Because grammar and syntax are the foundations for interpretation, this handbook is a valuable resource for serious students of the Gospel of John. In the introduction Novakovic briefly summarizes distinctive characteristics of the Gospel’s vocabulary and style, repetition and variation, tenses and verbal aspect, and word order. The translation provides a fresh, literal rendering of the Greek text, which is itself often a guide to interpretation. While this is not a commentary, the annotations on well-known cruxes of interpretation are remarkably insightful. These are volumes you will want to keep on your desk!
~R. Alan Culpepper, Dean and Professor of New Testament Emeritus, McAfee School of Theology, Mercer University
Novakovic provides a welcome and long-anticipated contribution to the BHGNT series. Tackling the deceptive simplicity of John's language, Novakovic deftly untangles John's subtlety and takes up grammatical questions too often overlooked in commentaries or dismissed by those too focused on John's 'elementary Greek.' Her insights not only guide readers just beginning to learn more about Greek syntax but also engage seasoned scholars by offering detailed interpretations with ranging interpretive and theological possibilities.

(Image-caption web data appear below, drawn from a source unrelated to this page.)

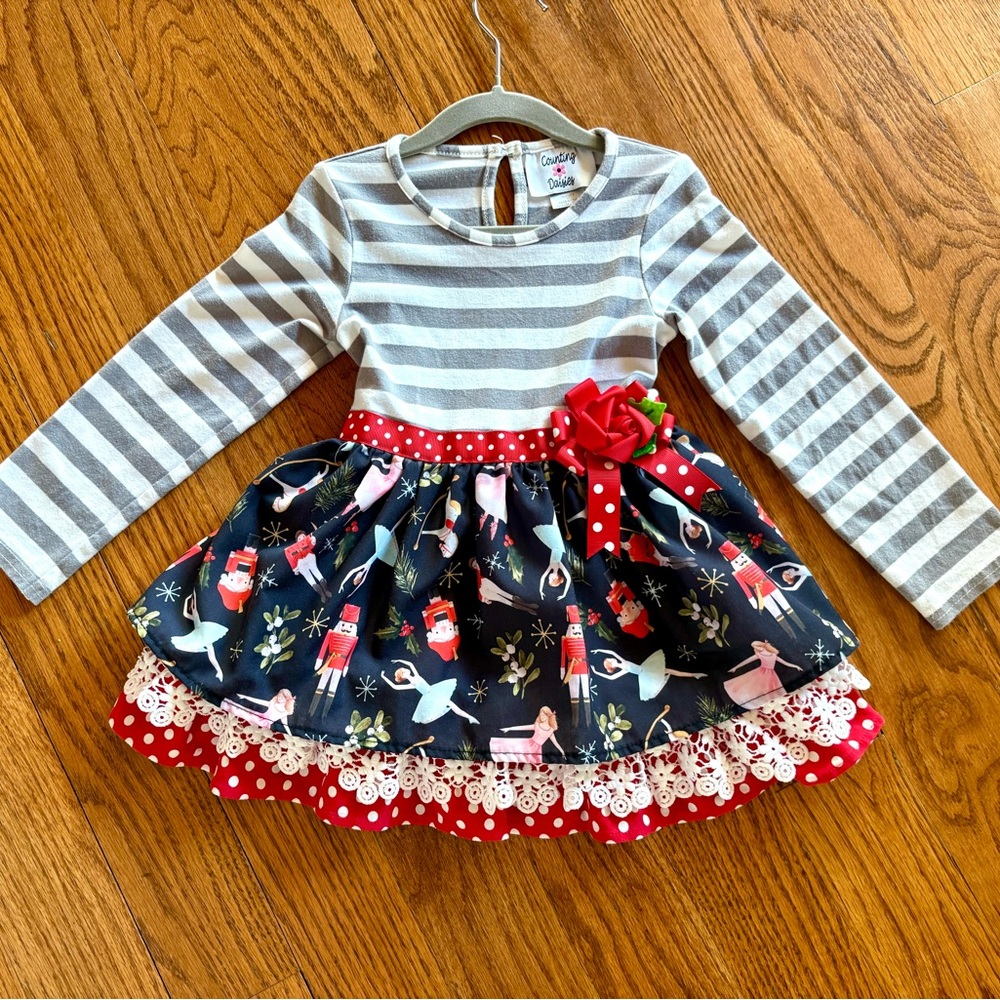 4T Merry Christmas dress with lace. Counting daisies. Nutcracker ballet.
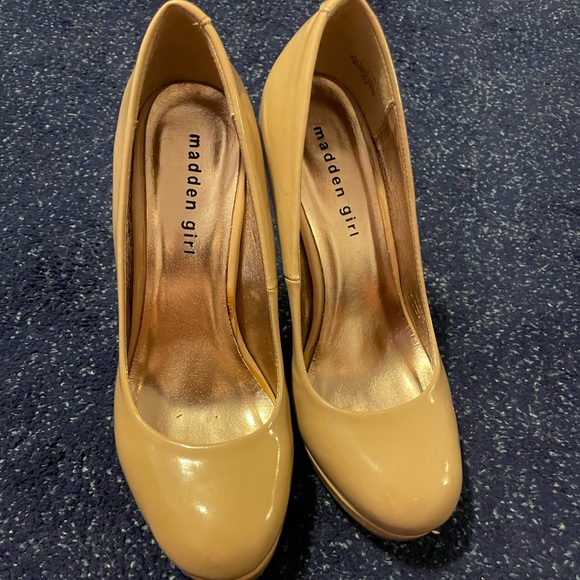 Madden Girl Nude Pumps - Picture 1 of 7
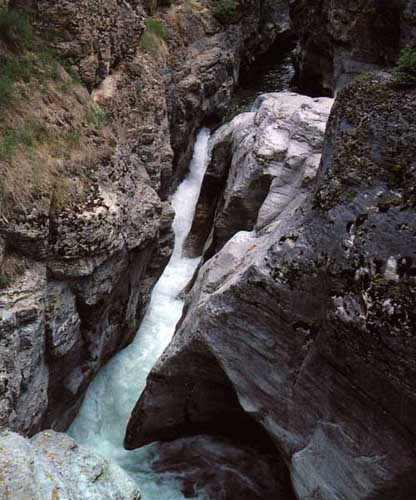 Maligne Canyon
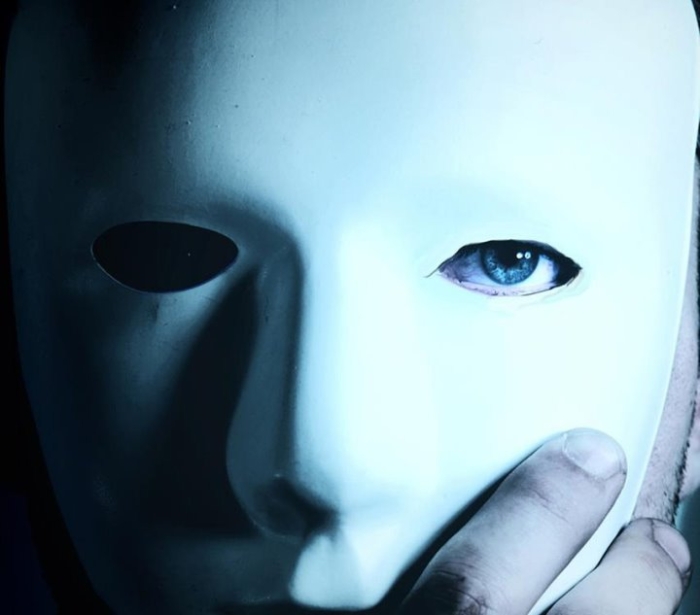 Мужчина 15 лет жил со щепкой в глазу. И не замечал этого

~Alicia Myers, Associate Professor of New Testament & Greek, Divinity School, Campbell University
The aim of this series is to supplement standard New Testament commentaries with an 'accessible and succinct' guide to the dynamics of the Greek text, and in these volumes Lidija Novakovic does this for the Fourth Gospel with precision, care, and clarity. Her methodological assumptions are crafted with considered sensitivity to scholarly discussion on Johannine style. Her glossary furnishes a ready means for entering the kind of discourse required by syntactical and text-critical issues. Her analysis, itself, while comprehensive, is consciously pitched to the problems most challenging for interpretation.
~Michael A. Daise, Walter G. Mason Associate Professor, College of William & Mary
These two volumes are recommended for anyone working with the text of the Fourth Gospel and the BHGNT series should be part of any academic library serving a biblical studies faculty.